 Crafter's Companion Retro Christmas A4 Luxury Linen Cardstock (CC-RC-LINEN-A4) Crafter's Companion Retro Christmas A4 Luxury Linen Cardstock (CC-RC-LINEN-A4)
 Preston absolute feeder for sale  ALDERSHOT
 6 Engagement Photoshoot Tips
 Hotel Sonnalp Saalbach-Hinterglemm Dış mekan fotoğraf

_Directions for this task_.
Repeat the data exactly. Leave nothing out.

_Response to the exercise_.
 Crafter's Companion Retro Christmas A4 Luxury Linen Cardstock (CC-RC-LINEN-A4) Crafter's Companion Retro Christmas A4 Luxury Linen Cardstock (CC-RC-LINEN-A4)
 Preston absolute feeder for sale  ALDERSHOT
 6 Engagement Photoshoot Tips
 Hotel Sonnalp Saalbach-Hinterglemm Dış mekan fotoğraf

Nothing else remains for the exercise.